Sea of Support Tile Mural
A Partnership between UA School of Art and the Intercultural Center for the Study of Deserts and Oceans (CEDO)
This project is funded by a grant from the Office of 100% Student Engagement.
The primary objectives of the project were to promote eco-literacy and environmental engagement in art and design students by providing the opportunity for them to apply their creative skills to benefit conservation efforts in the Upper Gulf of California, Sonora Mexico.
Assessment Results
Students kept field journals and sketchbooks and wrote glowing accounts of their experiences at CEDO. They learned first hand about the local culture and environment, the rich biodiversity and challenges of the region, and the individual organisms they researched and drew. CEDO’s Director is delighted with the mural designs, and several of the students who worked on the mural will attend the unveiling of the Rocky Intertidal mural installed at CEDO in the Fall 2018.
Student Quotes
“CEDO is a place of research and outreach, which made our being there even more special as we were able to engage with different members of CEDO’s community such as researchers and educators and become part of the organizations social fabric, making us part of its community and not merely transient interlopers.”

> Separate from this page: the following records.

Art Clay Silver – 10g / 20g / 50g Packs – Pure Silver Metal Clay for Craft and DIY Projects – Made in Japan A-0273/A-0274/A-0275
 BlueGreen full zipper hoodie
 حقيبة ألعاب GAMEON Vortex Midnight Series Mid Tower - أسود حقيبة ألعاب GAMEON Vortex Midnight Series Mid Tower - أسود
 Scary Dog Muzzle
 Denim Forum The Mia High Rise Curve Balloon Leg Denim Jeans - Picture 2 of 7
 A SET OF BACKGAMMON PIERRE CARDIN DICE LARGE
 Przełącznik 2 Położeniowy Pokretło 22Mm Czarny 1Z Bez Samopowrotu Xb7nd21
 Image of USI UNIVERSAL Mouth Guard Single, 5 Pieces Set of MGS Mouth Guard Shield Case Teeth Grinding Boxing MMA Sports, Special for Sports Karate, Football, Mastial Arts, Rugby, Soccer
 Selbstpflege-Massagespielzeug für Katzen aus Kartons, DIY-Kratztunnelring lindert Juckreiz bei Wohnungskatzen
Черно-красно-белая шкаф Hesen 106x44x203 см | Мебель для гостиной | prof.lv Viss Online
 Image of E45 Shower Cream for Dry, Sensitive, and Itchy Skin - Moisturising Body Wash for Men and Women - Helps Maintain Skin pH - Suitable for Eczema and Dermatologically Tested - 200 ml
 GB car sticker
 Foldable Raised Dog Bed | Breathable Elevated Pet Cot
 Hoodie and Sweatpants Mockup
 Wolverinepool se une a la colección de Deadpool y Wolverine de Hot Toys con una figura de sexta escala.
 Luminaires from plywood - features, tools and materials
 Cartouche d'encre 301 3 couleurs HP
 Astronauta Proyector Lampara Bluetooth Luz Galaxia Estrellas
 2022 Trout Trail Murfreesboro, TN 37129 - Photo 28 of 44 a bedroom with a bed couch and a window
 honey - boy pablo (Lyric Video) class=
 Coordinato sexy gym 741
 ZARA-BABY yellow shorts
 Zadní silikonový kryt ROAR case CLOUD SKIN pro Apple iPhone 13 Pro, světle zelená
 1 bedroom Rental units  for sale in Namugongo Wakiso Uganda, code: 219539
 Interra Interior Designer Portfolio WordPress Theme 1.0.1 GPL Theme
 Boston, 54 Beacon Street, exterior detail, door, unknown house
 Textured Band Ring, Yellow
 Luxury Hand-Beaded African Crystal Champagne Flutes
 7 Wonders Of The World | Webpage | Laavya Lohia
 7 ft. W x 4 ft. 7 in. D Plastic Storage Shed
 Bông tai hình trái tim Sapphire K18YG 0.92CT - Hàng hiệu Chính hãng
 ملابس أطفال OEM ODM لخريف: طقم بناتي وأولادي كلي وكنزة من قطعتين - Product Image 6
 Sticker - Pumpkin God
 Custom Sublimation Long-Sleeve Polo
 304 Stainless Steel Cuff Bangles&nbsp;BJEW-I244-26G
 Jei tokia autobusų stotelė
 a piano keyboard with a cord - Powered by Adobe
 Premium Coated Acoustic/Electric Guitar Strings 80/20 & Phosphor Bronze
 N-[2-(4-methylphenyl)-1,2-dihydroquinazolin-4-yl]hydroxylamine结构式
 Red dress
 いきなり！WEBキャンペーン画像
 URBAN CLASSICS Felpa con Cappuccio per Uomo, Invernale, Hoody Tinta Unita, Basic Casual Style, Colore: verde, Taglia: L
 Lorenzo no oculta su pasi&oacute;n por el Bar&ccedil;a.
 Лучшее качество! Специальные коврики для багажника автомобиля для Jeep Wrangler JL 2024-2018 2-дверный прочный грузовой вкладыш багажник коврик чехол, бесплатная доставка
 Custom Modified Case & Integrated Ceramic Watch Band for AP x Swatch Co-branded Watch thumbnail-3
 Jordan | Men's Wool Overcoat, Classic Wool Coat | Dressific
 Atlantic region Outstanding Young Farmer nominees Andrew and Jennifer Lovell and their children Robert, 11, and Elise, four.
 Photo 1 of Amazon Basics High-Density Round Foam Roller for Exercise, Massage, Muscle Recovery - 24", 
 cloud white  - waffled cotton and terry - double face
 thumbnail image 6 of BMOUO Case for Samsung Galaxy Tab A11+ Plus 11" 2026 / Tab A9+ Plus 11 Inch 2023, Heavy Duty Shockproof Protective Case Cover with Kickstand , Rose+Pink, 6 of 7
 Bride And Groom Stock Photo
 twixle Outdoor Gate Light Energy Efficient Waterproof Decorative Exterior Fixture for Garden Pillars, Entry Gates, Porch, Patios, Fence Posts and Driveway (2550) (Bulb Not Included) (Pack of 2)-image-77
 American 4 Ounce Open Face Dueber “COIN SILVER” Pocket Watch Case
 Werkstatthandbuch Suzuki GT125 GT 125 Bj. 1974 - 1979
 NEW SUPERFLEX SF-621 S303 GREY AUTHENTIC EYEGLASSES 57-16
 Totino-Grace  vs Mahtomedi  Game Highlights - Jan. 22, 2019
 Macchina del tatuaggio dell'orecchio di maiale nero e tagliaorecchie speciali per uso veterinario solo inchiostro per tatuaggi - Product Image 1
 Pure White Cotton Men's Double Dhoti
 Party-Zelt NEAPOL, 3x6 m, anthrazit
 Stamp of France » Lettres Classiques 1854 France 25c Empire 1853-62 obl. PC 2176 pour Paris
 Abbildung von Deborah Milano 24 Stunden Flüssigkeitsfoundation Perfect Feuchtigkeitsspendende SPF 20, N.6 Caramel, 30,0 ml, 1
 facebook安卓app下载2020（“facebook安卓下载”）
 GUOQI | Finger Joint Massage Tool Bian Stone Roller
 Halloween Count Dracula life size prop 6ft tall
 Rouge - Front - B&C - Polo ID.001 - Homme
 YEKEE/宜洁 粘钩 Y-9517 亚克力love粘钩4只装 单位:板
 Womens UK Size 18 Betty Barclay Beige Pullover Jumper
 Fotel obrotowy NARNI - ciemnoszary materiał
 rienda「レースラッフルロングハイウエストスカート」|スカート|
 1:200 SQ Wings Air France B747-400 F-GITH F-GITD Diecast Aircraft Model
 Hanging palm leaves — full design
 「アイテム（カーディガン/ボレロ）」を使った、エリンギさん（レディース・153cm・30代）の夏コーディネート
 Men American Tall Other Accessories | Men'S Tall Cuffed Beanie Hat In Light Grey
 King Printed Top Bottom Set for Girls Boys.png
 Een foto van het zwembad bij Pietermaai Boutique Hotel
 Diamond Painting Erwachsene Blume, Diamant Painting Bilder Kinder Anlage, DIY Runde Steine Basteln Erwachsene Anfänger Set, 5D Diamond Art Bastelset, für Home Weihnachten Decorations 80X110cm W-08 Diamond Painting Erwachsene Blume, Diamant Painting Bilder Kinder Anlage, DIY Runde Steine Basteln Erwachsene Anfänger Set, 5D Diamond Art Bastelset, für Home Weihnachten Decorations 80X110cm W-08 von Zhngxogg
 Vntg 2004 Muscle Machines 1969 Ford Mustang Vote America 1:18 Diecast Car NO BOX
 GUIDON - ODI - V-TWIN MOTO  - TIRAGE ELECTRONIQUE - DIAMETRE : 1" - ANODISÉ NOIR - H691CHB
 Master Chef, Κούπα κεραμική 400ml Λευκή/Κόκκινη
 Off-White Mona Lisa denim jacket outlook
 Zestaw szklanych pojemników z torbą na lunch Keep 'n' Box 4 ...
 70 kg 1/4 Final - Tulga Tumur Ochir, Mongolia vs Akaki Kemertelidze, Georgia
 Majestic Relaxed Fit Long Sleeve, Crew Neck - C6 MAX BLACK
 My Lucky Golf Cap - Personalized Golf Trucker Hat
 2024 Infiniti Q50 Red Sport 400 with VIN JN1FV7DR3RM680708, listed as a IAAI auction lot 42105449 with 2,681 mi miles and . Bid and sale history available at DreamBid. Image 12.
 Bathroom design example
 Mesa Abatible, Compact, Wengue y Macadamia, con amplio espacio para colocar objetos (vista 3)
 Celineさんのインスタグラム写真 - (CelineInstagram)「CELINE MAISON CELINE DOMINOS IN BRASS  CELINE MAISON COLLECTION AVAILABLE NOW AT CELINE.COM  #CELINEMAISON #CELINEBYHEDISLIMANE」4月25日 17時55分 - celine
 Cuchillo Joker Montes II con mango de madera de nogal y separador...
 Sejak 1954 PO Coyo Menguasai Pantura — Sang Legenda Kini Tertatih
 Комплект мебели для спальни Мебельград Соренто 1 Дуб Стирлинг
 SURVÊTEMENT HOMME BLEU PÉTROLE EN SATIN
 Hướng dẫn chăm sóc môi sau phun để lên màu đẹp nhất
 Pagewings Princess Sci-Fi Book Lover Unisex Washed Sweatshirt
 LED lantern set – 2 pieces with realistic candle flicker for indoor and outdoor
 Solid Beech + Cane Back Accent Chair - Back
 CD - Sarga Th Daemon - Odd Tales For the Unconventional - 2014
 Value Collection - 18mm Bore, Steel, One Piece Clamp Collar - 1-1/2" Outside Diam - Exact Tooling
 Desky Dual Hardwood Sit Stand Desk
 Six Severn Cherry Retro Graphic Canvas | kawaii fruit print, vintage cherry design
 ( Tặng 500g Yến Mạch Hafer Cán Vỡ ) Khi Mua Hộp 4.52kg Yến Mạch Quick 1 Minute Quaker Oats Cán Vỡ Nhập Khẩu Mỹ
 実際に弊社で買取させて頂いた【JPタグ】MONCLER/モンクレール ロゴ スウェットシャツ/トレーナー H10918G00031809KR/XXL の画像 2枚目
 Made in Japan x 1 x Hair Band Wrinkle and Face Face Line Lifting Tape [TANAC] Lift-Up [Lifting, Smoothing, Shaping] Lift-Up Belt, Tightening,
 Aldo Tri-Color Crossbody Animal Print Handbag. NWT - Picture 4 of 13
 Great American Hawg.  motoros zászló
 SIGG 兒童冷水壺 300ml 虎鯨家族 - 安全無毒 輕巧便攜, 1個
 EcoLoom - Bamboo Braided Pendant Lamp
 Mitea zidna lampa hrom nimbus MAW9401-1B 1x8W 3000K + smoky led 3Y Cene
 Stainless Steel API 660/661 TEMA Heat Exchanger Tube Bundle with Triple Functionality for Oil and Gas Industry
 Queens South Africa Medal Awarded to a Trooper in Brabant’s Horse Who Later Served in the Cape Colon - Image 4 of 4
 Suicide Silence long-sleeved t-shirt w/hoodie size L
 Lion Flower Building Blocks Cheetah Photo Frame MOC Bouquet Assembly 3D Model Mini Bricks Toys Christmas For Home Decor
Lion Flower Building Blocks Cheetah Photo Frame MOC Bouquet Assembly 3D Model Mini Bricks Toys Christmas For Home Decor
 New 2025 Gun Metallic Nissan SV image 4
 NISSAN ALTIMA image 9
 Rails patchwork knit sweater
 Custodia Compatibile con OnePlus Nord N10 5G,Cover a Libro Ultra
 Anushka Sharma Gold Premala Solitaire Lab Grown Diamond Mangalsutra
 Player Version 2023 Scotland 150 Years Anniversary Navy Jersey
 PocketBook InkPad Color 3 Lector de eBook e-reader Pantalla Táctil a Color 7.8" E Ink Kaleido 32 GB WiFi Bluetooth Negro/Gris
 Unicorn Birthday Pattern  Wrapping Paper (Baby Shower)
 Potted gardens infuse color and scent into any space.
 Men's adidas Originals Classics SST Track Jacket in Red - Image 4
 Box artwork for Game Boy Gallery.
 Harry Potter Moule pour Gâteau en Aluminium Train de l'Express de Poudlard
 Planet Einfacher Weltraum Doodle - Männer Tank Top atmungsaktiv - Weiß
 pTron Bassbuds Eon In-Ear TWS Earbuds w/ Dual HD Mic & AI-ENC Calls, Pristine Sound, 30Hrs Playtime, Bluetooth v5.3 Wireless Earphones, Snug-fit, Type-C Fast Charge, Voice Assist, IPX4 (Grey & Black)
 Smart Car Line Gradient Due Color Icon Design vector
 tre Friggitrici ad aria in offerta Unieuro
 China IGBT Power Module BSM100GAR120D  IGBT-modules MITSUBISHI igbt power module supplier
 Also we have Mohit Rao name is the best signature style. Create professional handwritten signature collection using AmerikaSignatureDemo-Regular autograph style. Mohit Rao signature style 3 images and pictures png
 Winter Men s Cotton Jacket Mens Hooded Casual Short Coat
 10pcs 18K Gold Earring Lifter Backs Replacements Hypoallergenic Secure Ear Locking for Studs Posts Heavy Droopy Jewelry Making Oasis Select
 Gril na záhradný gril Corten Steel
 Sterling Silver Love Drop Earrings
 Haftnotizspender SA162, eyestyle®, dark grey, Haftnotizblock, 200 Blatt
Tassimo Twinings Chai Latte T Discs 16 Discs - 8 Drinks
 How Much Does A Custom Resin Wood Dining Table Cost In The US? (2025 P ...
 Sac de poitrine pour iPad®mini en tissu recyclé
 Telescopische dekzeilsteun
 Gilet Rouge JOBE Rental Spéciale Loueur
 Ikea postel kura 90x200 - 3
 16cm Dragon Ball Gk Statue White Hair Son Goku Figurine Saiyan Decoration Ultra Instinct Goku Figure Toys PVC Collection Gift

“Working on the CEDO mural was a fantastic experience for both personal and artistic growth. I learned a lot about intertidal zones and estuary environments and I also learned to collaborate with my peers, we had to decide on which species to draw, who was going to draw them, and figure out a reasonable time-frame for all of it.”
“Being able to go through CEDO’s vast library of texts and research materials was great, but then we could also walk 20 yards and be scouring through the tide pools or take a quick 5 min drive to the estuary and actually see first-hand most of the species we were depicting. We were able to see how these species lived and moved in their environment in real life, rather than through a screen. Engaging with the people who worked at the field station, who would see the mural every day; watching how visitors both foreign and local interacted already in the space where the mural would be located made me think more critically about the design and construction of the overall mural.”